• [Supplied entries]
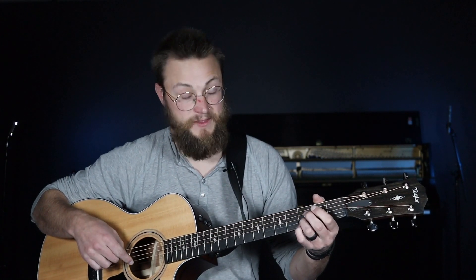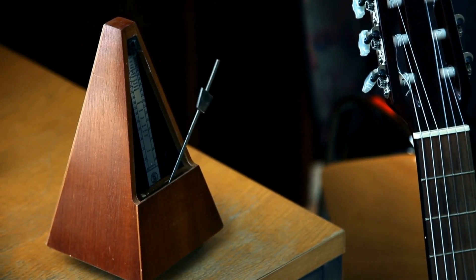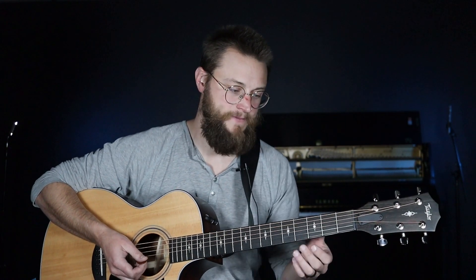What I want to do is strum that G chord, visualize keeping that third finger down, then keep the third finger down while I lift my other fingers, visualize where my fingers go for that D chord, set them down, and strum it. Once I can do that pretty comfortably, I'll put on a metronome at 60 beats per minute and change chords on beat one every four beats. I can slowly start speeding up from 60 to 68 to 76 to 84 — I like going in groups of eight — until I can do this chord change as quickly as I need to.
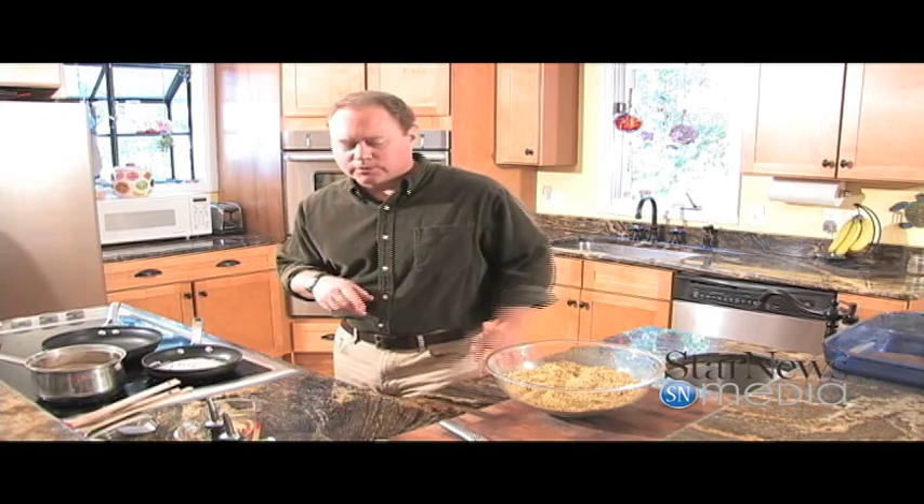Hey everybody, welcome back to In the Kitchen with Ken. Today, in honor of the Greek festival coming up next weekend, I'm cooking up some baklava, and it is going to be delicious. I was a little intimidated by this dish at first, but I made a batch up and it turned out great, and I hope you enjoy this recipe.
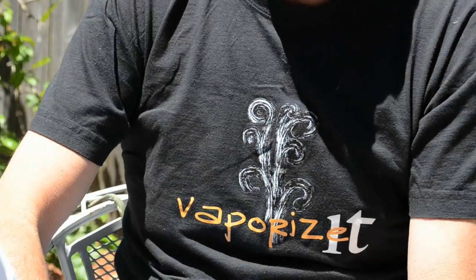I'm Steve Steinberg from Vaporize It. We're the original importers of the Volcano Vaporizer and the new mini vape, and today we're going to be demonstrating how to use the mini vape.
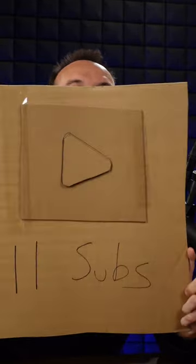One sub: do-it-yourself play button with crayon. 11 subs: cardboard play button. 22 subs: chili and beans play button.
...
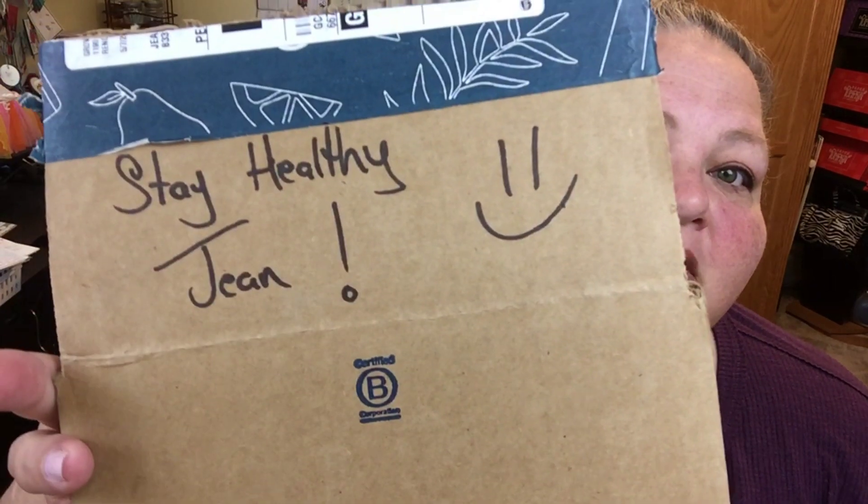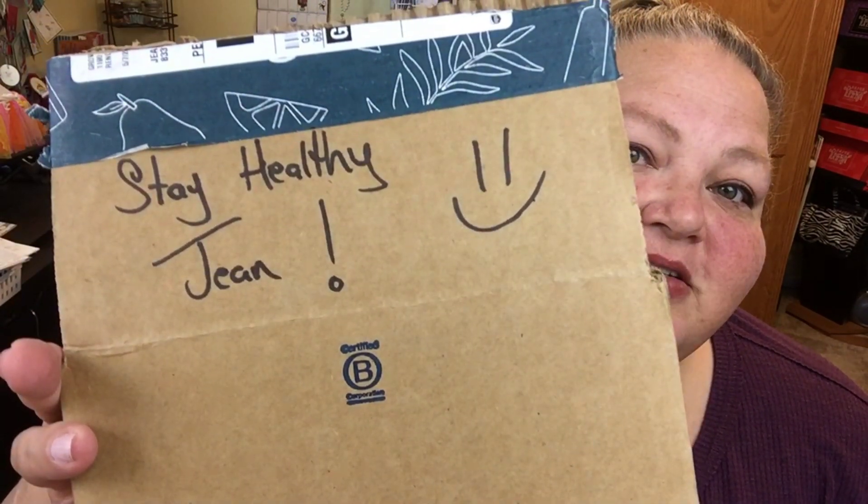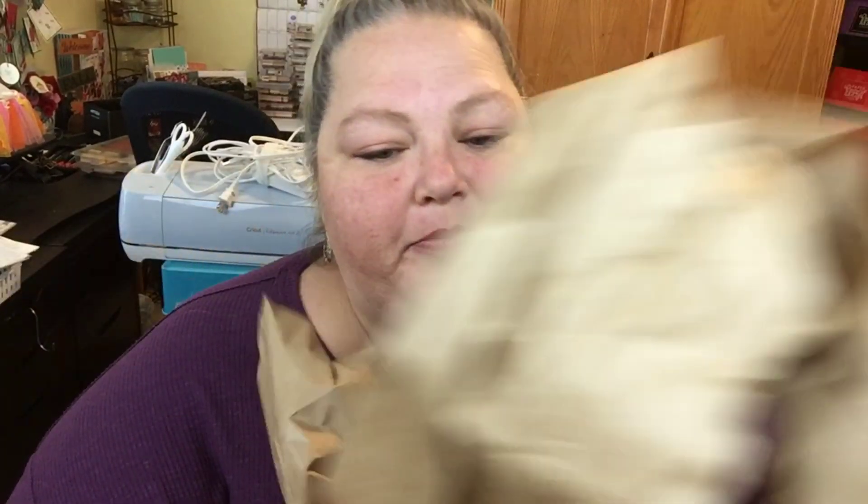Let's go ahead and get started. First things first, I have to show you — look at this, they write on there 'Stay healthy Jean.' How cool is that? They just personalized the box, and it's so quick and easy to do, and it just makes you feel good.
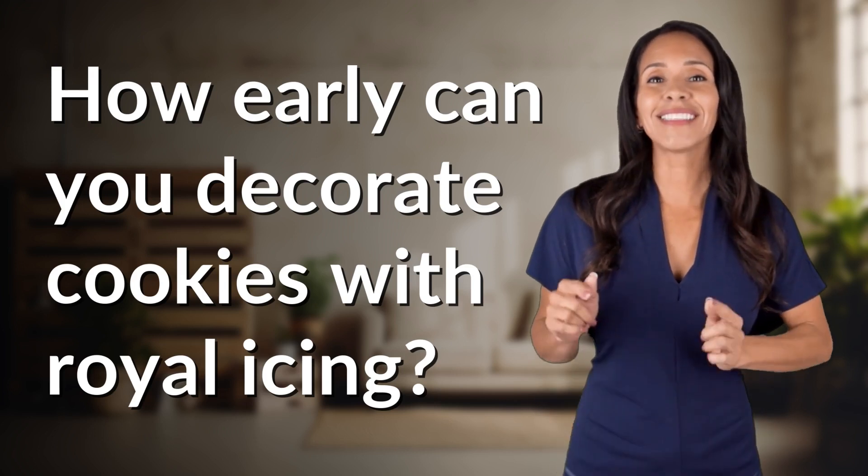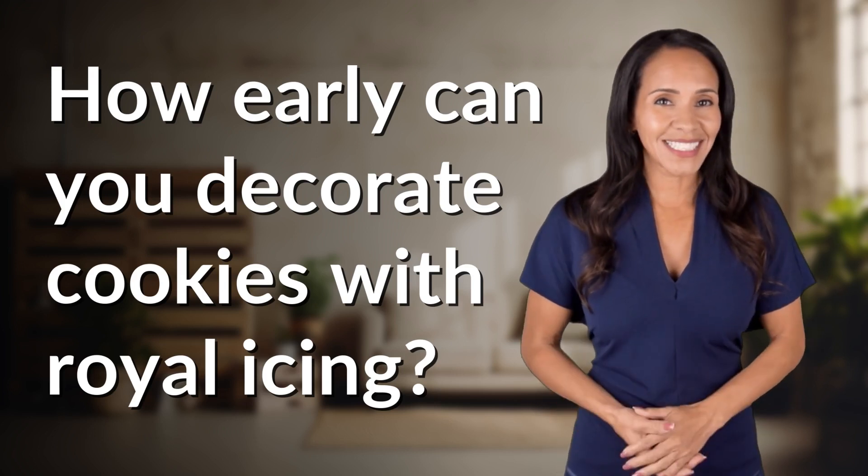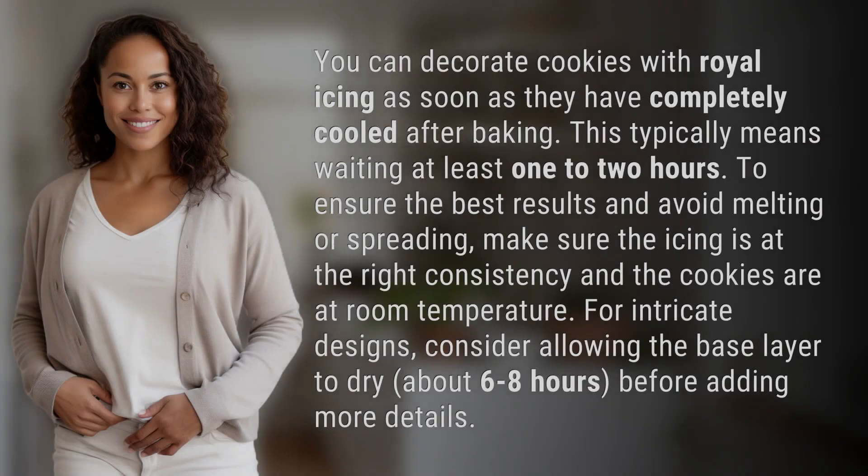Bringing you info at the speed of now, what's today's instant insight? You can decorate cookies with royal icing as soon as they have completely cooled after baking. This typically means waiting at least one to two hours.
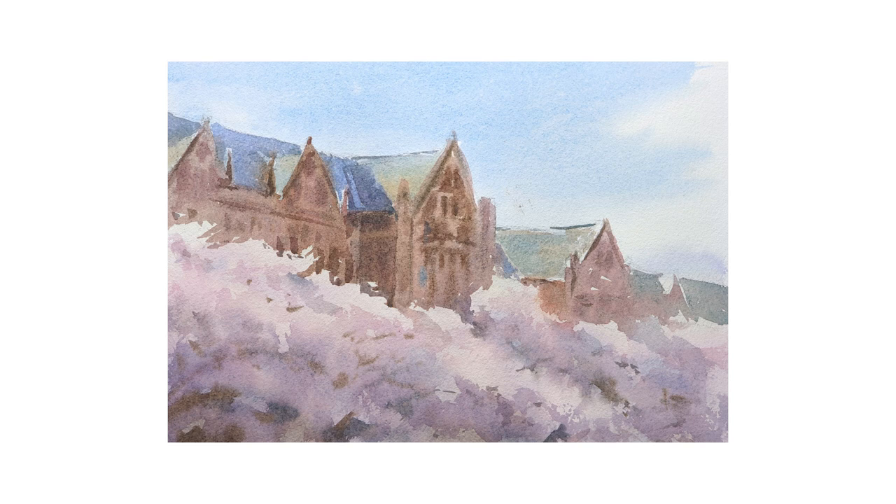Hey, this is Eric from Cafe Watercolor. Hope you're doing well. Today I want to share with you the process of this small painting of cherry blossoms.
---
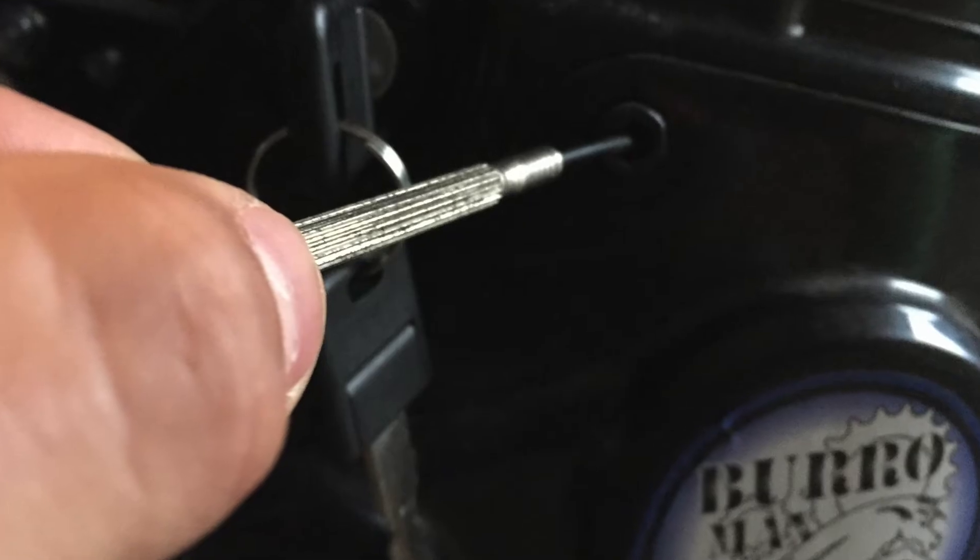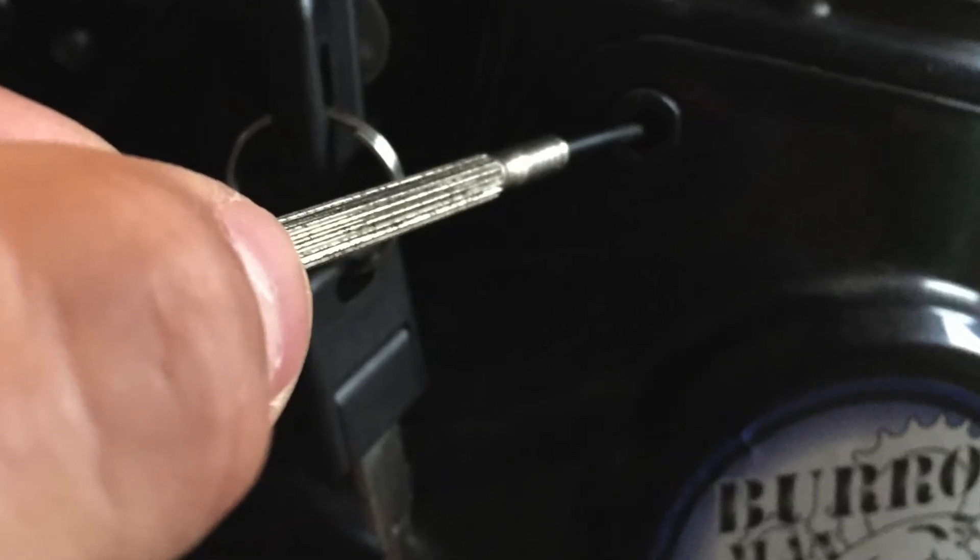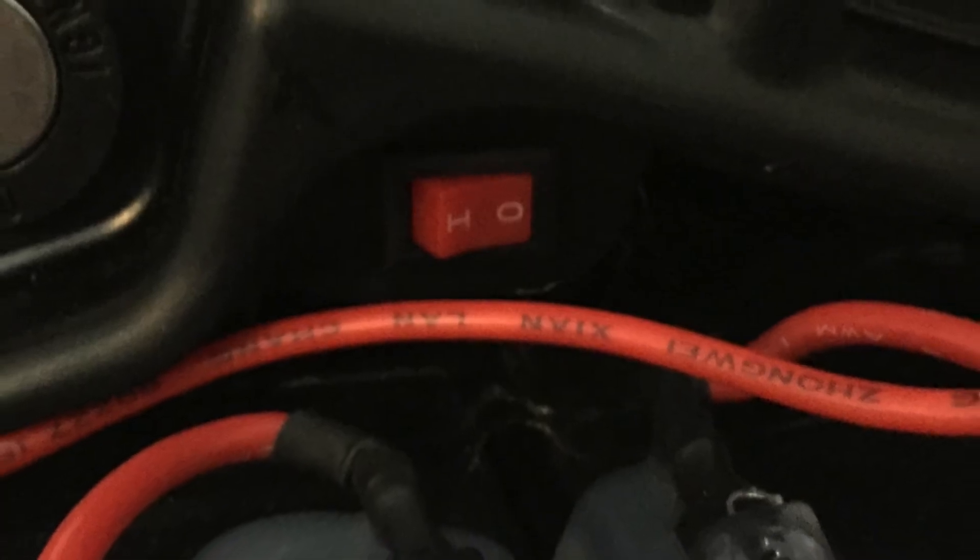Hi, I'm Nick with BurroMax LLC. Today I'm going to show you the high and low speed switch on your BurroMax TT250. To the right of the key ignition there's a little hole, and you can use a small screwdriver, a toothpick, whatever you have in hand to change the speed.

• [Work to complete] Your reply is to be an exact repeat of the listing above from the line holding "Let's go ahead" down to the line holding "Hey, this is", ends included, pictures excluded.

• [Reply]
Let's go ahead and get started. First things first, I have to show you — look at this, they write on there 'Stay healthy Jean.' How cool is that? They just personalized the box, and it's so quick and easy to do, and it just makes you feel good.
Bringing you info at the speed of now, what's today's instant insight? You can decorate cookies with royal icing as soon as they have completely cooled after baking. This typically means waiting at least one to two hours.
Hey, this is Eric from Cafe Watercolor. Hope you're doing well. Today I want to share with you the process of this small painting of cherry blossoms.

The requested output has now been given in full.